(RT NEWS)
The time will come when you won’t be able to buy a cup of coffee without being traced, warns investment guru Jim Rogers. To control people, governments will increasingly seek to hunt down cash spending, he adds.
“Governments are always looking out for themselves first, and it’s the same old thing that has been going on for hundreds of years. The Indians recently did the same thing. They withdrew 86 percent of the currency in circulation, and they have now made it illegal to spend more than, I think it’s about $4,000 in any cash transaction. In France you cannot use more than, I think it’s a €1,000,”said Rogers in an interview with MacroVoices Podcast.

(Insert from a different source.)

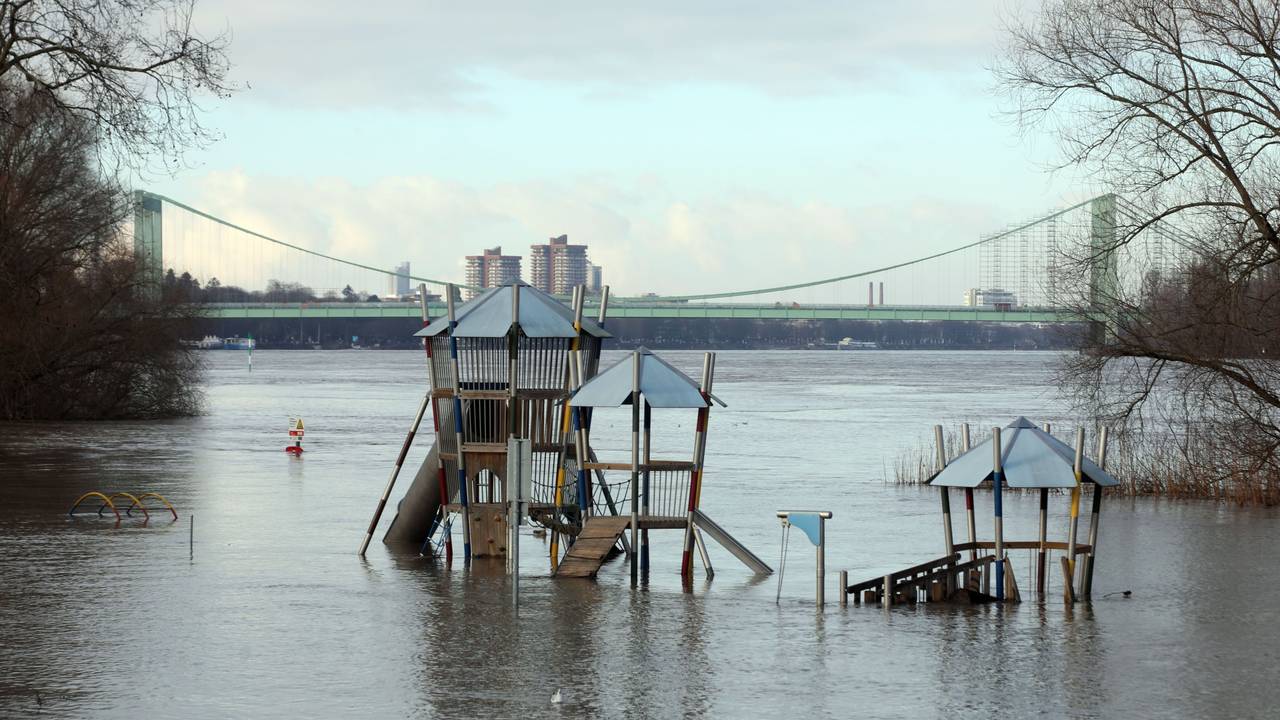In Rodenkirchen ist das Hochwasser schon gut sichtbar.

“Many countries are already doing this. Some states in the US you cannot make cash transactions above a certain amount. Governments love it. Then they can control you. If you want to go and buy a cup of coffee, they know how many you drink, where you buy them, etc., if they can all put it into electronic formats and they will. The world is all going electronic,” the investor said.

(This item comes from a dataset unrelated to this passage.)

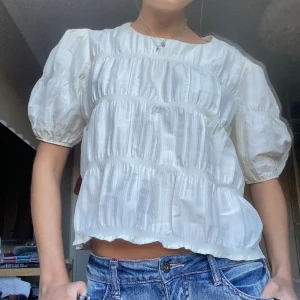 Söt blus - Så så söt blus med puffiga ärmar🫶💕💕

According to Rogers, governments will claim they are doing it for the public good, not for themselves.
“When it’s done, the governments are going to be very, very happy they are going to say they’re doing it for our own good, this is not them, this is for our good. That they’re doing this, but it’s coming, and it’s going to be a whole different world in which we live. Probably we are not going to have as many freedoms as we have now even though we are already losing our freedoms at a significant pace,” Rodgers told the radio.
This month, the European Commission proposed a bill targeting cash payments.

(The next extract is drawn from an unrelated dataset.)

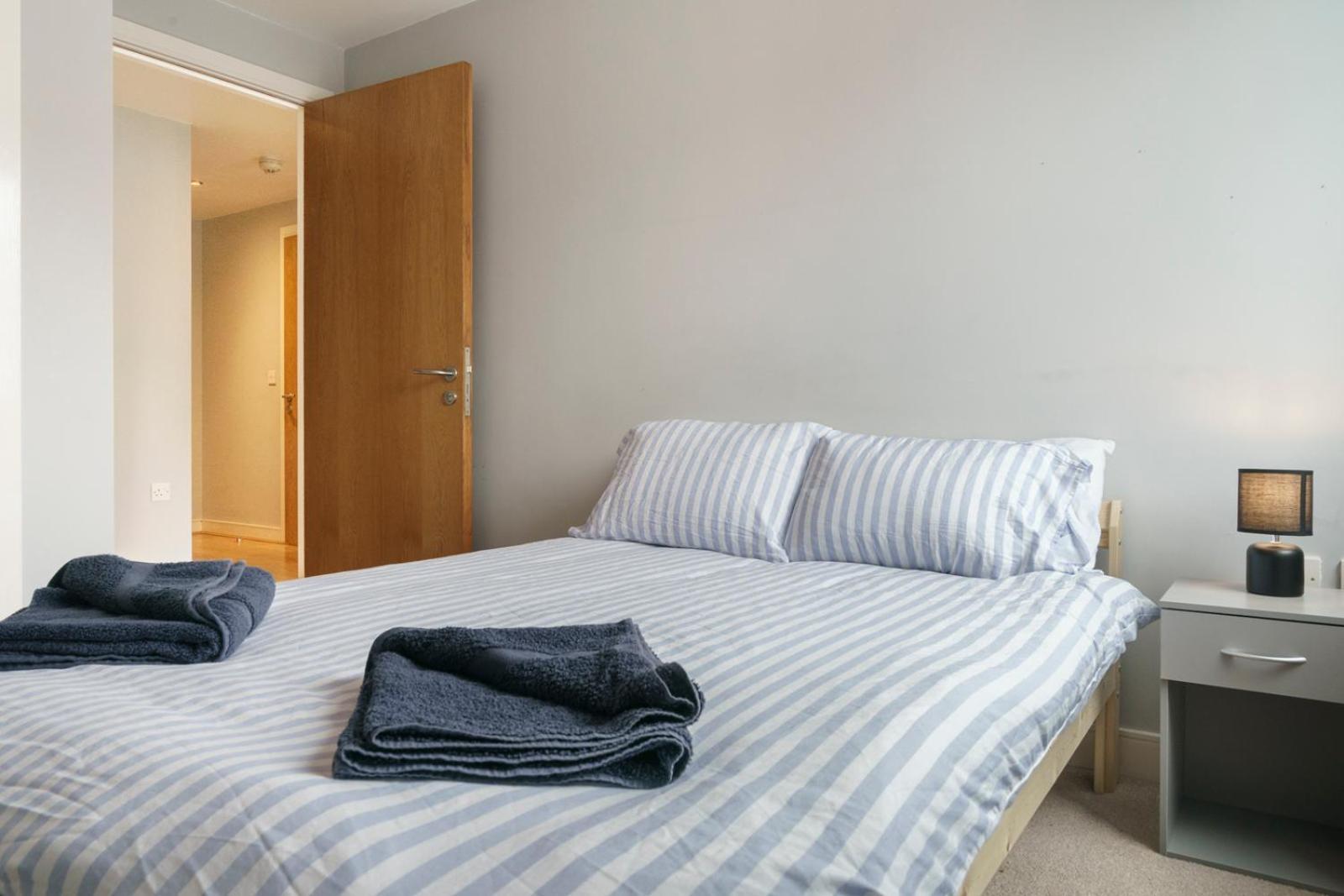 Stylish City Centre 2 Bedroom Apartment With Belfast Cityscape View Buitenkant foto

“Payments in cash are widely used in the financing of terrorist activities… In this context, the relevance of potential upper limits to cash payments could also be explored. Several Member States have in place prohibitions for cash payments above a specific threshold,” said the Action Plan.
Jim Rogers is an American businessman, investor, and financial commentator, currently based in Singapore. Rogers made his name in the 1970s after founding a top-performing fund with George Soros.